How do I access an individual character from an array of strings in c?

Question

Just trying to understand how to address a single character in an array of strings. Also, this of course will allow me to understand pointers to pointers subscripting in general. If I have char **a and I want to reach the 3rd character of the 2nd string, does this work: **((a+1)+2)? Seems like it should...

Answer 1

Almost, but not quite. The correct answer is:

*((*(a+1))+2)

because you need to first de-reference to one of the actual string pointers and then you to de-reference that selected string pointer down to the desired character. (Note that I added extra parenthesis for clarity in the order of operations there).

Alternatively, this expression:

a[1][2]

will also work!....and perhaps would be preferred because the intent of what you are trying to do is more self evident and the notation itself is more succinct. This form may not be immediately obvious to people new to the language, but understand that the reason the array notation works is because in C, an array indexing operation is really just shorthand for the equivalent pointer operation. ie: *(a+x) is same as a[x]. So, by extending that logic to the original question, there are two separate pointer de-referencing operations cascaded together whereby the expression a[x][y] is equivalent to the general form of *((*(a+x))+y).

Answer 2

Try a[1][2]. Or *(*(a+1)+2).

Basically, array references are syntactic sugar for pointer dereferencing. a[2] is the same as a+2, and also the same as 2[a] (if you really want unreadable code). An array of strings is the same as a double pointer. So you can extract the second string using either a[1] or *(a+1). You can then find the third character in that string (call it 'b' for now) with either b[2] or *(b + 2).
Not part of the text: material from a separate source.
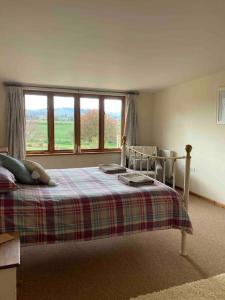 a bedroom with a bed with a plaid blanket and a window at Meadow Barn in Hereford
Substituting the original second string for 'b', we end up with either a[1][2] or *(*(a+1)+2).

Answer 3

Iirc, a string is actually an array of chars, so this should work:

a[1][2]

Answer 4

You don't have to use pointers.

int main(int argc, char **argv){

printf("The third character of argv[1] is [%c].\n", argv[1][2]);

}

Then:

$ ./main hello The third character of argv[1] is [l].

That's a one and an l.

You could use pointers if you want...

*(argv[1] +2)

or even

*((*(a+1))+2)

As someone pointed out above.

This is because array names are pointers.

Answer 5

Quote from the wikipedia article on C pointers -

In C, array indexing is formally defined in terms of pointer arithmetic; that is, the language specification requires that array[i] be equivalent to *(array + i). Thus in C, arrays can be thought of as pointers to consecutive areas of memory (with no gaps), and the syntax for accessing arrays is identical for that which can be used to dereference pointers. For example, an array array can be declared and used in the following manner:

int array[5];      /* Declares 5 contiguous (per Plauger Standard C 1992) integers */
int *ptr = array;  /* Arrays can be used as pointers */
ptr[0] = 1;        /* Pointers can be indexed with array syntax */
*(array + 1) = 2;  /* Arrays can be dereferenced with pointer syntax */

So, in response to your question - yes, pointers to pointers can be used as an array without any kind of other declaration at all!